Вот уже неделя, как Аннета опять начала работать в коллеже. В один октябрьский вечер, ненастный и холодный, она возвращалась домой, усталая, углубившись в свои мысли. Подходя к дому, она заметила какое-то непривычное оживление на улицах.
Недалеко от её дома был оборудован временный (ох, и злосчастное же это было время!) госпиталь. Верденская бойня извергала своих раненых. Тела мучеников уже некуда было сваливать. Впервые маленький забытый городок получал свою долю этого груза. И в первый же раз ему прислали немцев!
В городе до войны не было порядочной больницы даже для старых инвалидов труда или безделья (в конечном счёте все они идут в одну и ту же кучу хлама!). Их запихивали в тесные, душные, полусгнившие здания, где столетиями наслаивались грязь и зараза. Ни больные, ни врачи этим не смущались. Дело привычное… Но вот с началом «прогресса» (то есть войны) в воздухе стали носиться новые идеи (или, вернее, слова): гигиена, антисептика… Решили, плодя смерть, всё же поставить её в гигиенические условия. В новом госпитале — бывшем пансионе — навели лоск на грязь, к запаху плесени прибавили запах фенола, классные комнаты оборудовали по рецепту Амбруаза Парэ и снабдили новое учреждение ванной — большая редкость!..
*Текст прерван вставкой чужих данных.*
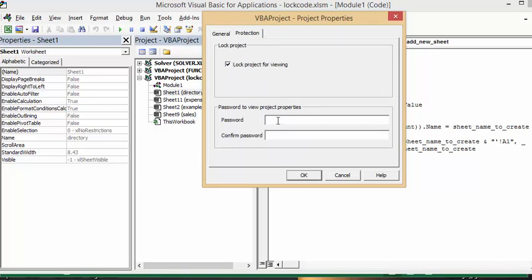And then you have to put in a password, and then you have to repeat the password. Then you say OK.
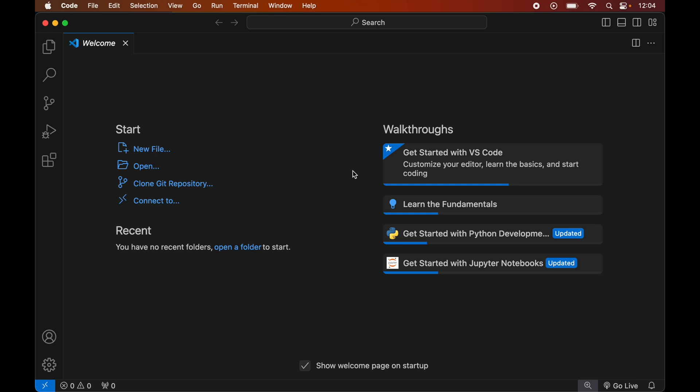In this video you will learn how to install the Scrapy library in the Visual Studio Code editor. The prerequisite for this installation is that you need to have Visual Studio Code and Python installed on your system. If you do not have Python installed, I have already created a separate video for that, and you will find the link in the description below.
Слишком роскошная обновка для немцев!.. Городок зашумел. Он перенёс тяжёлые испытания. За последние месяцы в боях полегло много молодёжи из этого края. Почти не было семьи, где не носили бы траур по близким. Горе всколыхнуло жителей городка, их привычное равнодушие сменилось ожесточением. Даже среди больничного персонала произошёл раскол, и часть его хотела отказаться от ухода за врагом. По рукам ходила написанная в соответствующем духе петиция. Но эшелон раненых прибыл раньше, чем вышло решение. О его прибытии госпиталь уведомили, только когда эшелон был уже на месте. Весь городок высыпал на улицы при этом известии…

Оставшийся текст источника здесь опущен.